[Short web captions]
··········
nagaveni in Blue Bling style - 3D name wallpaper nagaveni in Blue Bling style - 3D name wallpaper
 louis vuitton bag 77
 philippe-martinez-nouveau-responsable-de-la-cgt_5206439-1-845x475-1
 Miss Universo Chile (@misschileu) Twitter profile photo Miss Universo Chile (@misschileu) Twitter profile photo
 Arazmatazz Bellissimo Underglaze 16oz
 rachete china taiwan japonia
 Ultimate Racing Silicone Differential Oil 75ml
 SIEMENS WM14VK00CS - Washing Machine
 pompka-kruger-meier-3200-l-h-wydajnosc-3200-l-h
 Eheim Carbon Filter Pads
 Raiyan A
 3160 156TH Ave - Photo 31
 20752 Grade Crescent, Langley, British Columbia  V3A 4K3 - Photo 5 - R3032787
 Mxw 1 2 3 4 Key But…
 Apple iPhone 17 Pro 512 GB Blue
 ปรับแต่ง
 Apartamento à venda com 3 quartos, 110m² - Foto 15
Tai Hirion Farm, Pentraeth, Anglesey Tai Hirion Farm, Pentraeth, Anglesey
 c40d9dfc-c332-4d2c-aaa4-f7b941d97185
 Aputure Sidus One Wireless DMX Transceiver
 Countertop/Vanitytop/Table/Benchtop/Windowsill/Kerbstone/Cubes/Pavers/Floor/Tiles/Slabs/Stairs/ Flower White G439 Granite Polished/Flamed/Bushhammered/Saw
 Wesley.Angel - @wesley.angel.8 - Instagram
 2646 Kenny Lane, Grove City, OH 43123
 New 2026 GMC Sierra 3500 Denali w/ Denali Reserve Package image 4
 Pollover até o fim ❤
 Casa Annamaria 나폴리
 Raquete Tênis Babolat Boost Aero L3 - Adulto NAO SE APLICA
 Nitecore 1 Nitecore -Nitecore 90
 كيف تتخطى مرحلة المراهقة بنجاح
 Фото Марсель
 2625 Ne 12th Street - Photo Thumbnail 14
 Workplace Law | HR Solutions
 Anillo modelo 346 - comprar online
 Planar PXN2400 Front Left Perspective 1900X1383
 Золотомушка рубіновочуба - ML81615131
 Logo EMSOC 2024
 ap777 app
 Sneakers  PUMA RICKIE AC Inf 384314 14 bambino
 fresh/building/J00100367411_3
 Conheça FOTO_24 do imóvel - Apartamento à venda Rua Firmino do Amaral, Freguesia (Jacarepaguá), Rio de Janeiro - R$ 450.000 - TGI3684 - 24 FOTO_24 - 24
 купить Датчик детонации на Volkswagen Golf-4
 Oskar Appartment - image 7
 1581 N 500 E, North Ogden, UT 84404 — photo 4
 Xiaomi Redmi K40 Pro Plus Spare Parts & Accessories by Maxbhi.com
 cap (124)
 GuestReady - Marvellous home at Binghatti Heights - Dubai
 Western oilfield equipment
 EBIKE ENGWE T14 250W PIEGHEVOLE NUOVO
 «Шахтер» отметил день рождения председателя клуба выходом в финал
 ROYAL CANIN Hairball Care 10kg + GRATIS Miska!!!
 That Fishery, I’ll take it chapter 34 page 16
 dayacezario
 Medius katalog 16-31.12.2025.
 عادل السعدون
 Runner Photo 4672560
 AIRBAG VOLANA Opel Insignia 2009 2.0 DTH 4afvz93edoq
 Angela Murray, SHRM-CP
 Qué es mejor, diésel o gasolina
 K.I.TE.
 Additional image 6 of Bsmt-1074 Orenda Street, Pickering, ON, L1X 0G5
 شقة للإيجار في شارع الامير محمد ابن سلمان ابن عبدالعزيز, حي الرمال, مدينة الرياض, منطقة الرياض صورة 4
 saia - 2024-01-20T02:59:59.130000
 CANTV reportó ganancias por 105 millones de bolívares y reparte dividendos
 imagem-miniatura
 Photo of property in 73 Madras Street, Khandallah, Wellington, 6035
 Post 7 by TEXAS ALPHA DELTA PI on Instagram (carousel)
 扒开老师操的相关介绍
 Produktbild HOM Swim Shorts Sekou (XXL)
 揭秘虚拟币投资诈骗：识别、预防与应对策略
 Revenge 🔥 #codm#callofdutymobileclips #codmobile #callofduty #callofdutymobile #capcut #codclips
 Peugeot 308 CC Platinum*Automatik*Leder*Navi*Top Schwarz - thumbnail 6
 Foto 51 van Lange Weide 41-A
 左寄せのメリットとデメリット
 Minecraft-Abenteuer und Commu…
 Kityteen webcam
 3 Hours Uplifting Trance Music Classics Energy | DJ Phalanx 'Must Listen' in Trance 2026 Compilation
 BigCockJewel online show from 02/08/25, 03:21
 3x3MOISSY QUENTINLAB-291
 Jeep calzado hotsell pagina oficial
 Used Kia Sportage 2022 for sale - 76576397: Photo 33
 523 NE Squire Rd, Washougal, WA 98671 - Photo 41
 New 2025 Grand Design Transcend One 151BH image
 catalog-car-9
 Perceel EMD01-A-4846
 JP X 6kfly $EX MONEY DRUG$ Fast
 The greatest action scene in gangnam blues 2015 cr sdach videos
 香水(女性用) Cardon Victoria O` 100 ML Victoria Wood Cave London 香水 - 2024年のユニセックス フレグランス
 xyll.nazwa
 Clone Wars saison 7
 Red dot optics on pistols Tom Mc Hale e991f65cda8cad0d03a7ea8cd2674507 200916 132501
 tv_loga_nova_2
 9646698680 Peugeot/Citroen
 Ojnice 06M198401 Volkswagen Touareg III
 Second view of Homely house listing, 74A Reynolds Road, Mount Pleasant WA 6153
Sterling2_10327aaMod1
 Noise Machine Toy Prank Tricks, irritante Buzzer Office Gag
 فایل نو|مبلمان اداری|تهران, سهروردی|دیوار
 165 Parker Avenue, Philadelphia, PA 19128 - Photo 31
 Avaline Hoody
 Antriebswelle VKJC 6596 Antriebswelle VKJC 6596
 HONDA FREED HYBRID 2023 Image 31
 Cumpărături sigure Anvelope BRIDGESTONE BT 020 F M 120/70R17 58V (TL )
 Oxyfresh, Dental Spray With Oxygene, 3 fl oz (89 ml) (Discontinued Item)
··········
[EXERCISE BRIEF]:
Lines above that have "Instagram": copy each of them.

[ANSWER BOX]:
 Wesley.Angel - @wesley.angel.8 - Instagram
 Post 7 by TEXAS ALPHA DELTA PI on Instagram (carousel)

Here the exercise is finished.